I went from Class D to Luxman A/AB - And most of what you think is wrong


Hi everyone,

As most of you know, I’m a fan of Class D. I have lived with ICEPower 250AS based amps for a couple of years. Before that I lived with a pair of Parasound A21s (for HT) and now I’m listening to a Luxman 507ux.


I have some thoughts after long term listening:
  • The tropes of Class D having particularly bad, noticeable Class D qualities are all wrong and have been for years.
  • No one has ever heard my Class D amps and gone: "Oh, wow, Class D, that’s why I hate it."
  • The Luxman is a better amp than my ICEPower modules, which are already pretty old.

I found the Class D a touch warm, powerful, noise free. Blindfolded I cannot tell them apart from the Parasound A21s which are completely linear, and run a touch warm due to high Class A operation, and VERY similar in power output.


The Luxman 507 beats them both, but no amp stands out as nasty sounding or lacking in the ability to be musical and involving.


What the Luxman 507 does better is in the midrange and ends of the spectrum. It is less dark, sweeter in the midrange, and sounds more powerful, almost "louder" in the sense of having more treble and bass. It IS a better amplifier than I had before. Imaging is about the same.


There was one significant operational difference, which others have confirmed. I don't know why this is true, but the Class D amps needed 2-4 days to warm up. The Luxman needs no time at all. I have no rational, engineering explanation for this. After leaving the ICEPower amps off for a weekend, they sounded pretty low fi. Took 2 days to come back. I can come home after work and turn the Luxman on and it sounds great from the first moment.

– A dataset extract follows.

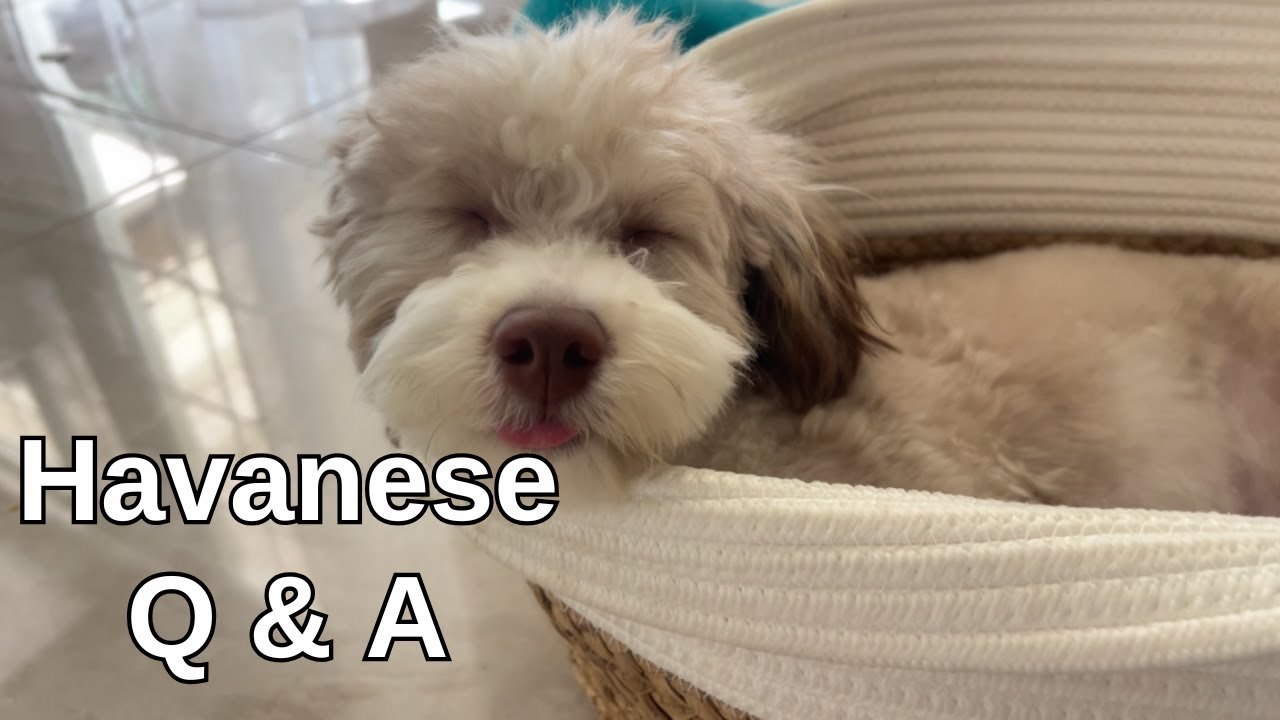 Havanese 101: Everything you need to know: Answering Commonly Asked Questions about a Havanese Puppy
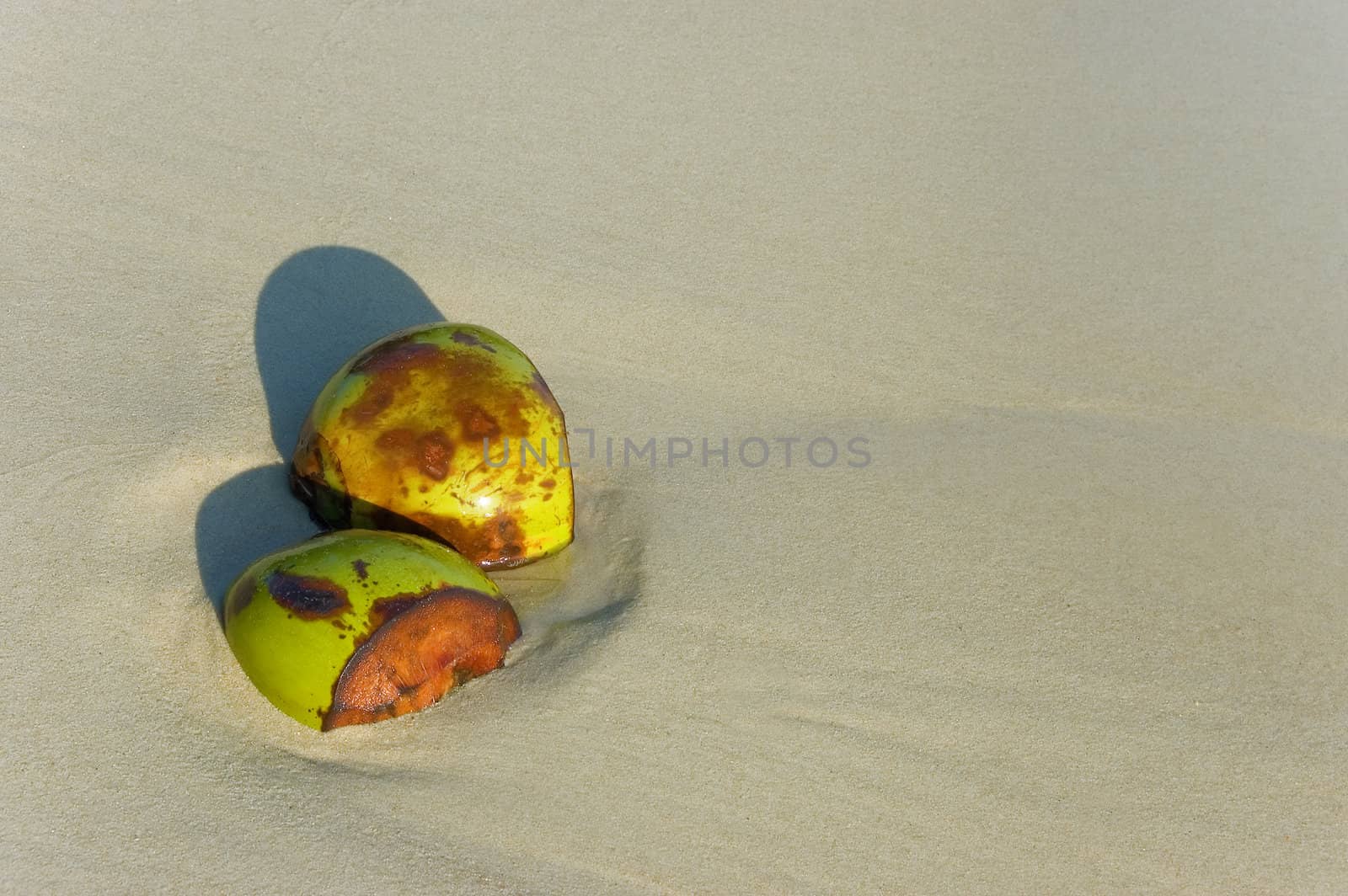 coconuts on beach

Please keep this in mind when evaluating.


Best,

E
erik_squires
This one too  devilboy

https://www.theabsolutesound.com/articles/technics-launches-hot-new-products/

From the Absolute Sounds review.
" The amplifier section delivers 100Wpc into 4 ohms (50Wpc into 8 ohms), and features a GaN-FET driver to perform high-speed switching with minimal loss for greater transparency"    
 

The Gramophone review said the Technics was not the most detailed thing around and the Hometheater review guy is now raving about a Levinson Integrated class A/B amp.  I guess Technics GaN amps have come and gone........and who the heck is going to buy the big Technics GaN amp?  anyone?  I have no doubt GaNs will be used in state of the art products some day.....but that day has not arrived.  Even the $36K Merrill does not have the depth or dynamics of the CH Precision.  There will be State of the Art GaN and other super class D amps in the future....the future looks bright.  However, today's $3K class D is really good.  But every single class D amp sounds different from every other one whether they are using Mosfets, GaNs, high switching frequency or low switching frequency.  There is no silver bullet.  Every single thing you do to an amp changes the sound....no matter what the class.  Everything has to be done to the nth degree or you don't get what is possible.  If you don't damp the heatsinks on class A/AB amps you add ringing sound....everything must be done right.  One spec or transistor type does not bring State of the Art sound.
Just an FYI, I was reading my Audio Alchemy manuals last night, Turns out it is not 175 wpc, but 125 @ 8ohms and 200 @ 4 ohms. No wonder the 350wpc PSA M700s sounded significantly beefier.

Now, if I could just get an update on delivery of my EVS 1200 from Ric...  it's been over a month since I paid for it (7/02)
This is what I mean about George doing very little listening, and therefore making it hard for his arguments to be persuasive.

Most others on this thread, starting from myself, are commenting from actual listening experience.

Notice please in all my threads how often I’ve gone after listeners who post their personal experience. Never. I may not agree with them, but their experience is their own. When it comes to Class D in modern times, George rarely goes there.


Now, purely from theory, the Technics qualifies as an actual digital amp with DSP used to compensate for speaker impedance interactions. You can't separate the type of transistor, switching speed, and DSP to tell which is responsible for what.  I do think the DSP impedance compensation is very cool, but it means a second DAC in your stream.